Bird Crash

7/4/94
Cruising into the Sierras on a hot sunny day I had been heading south from Oregon and as I started a long climb up Highway 49 into the mountains I stopped at a lookout point and could see for what seemed like 20 miles out across a valley. I got back on my bike, kicked over the engine and hit the road. Getting towards the end of the climb the road started to wind through forest. The road was cut into the mountain which sloped up on my right, with a drop off towards a valley and a stream far below to my left. I came over a pass while rounding a turn and up from the road flew a flock of 5 or 7 birds from the ground. I was happy to see a flock of lovely creatures begin flapping their wings and rising up from the road. I'm always happy to see birds but within a split second I could see that they weren't all going to clear and suddenly I felt a big thud as one of them hit me right in the chest!
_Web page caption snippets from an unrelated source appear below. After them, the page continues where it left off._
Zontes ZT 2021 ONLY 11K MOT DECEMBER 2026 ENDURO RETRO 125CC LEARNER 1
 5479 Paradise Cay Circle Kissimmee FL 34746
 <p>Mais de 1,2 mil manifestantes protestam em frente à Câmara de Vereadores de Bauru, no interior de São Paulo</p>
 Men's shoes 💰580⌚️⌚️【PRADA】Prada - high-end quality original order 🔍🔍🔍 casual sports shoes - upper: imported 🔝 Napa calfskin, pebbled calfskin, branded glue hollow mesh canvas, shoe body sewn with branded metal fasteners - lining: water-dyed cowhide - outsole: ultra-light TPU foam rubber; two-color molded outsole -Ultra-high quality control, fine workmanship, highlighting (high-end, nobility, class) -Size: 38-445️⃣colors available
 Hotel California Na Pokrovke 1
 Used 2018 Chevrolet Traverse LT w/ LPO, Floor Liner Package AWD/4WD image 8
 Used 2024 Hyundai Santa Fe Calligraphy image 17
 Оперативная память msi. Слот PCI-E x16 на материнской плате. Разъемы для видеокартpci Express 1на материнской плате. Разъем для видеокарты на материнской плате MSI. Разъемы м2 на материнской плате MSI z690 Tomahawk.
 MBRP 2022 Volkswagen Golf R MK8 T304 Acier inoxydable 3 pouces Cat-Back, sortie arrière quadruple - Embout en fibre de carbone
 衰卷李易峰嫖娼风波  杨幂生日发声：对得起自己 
It felt like someone threw an orange at me. It hit my right side, and I let out a yell, and reached up to grab and felt a big feathered lump. As I lowered my hand again to grab on to the handle bars to downshift and stop, the bird fell to the roadway. I turned around and looked back to see a crumpled mass of feathers on the asphault. I was in disbelief, and raced back, turning around by the bird on the road. As I parked my bike I could see the bird still moving its wings. Just then a pickup truck I had passed a mile or two back was catching up and getting ready to pass. I looked at the bird and hoped the truck wasn't going to run over it before I could get off the bike to save it. Luckily the truck swerved wide, missing the bird. I ran over and picked it up off the roadway. I could see a little blood and found its knee bleeding. The very tip of its sharp beak had been blunted and its mouth was slightly open. It was blinking its eyes and still breathing. I looked it over trying to tell if there was anything immediately obvious that was wrong. It's tail looked crooked and some of its feathers were ruffled. It flapped its wings sporadically but not enough to fly, and a few feathers were coming out and floating to the ground. When it rested its wings I couldn't quite tell if they were perfectly aligned or not, or if perhaps one was sprained or broken. It began to tilt it's head back, but would sometimes straighten its head out to clear its throat or something, and then put it's head back again. I could see it's tongue and inside it's mouth.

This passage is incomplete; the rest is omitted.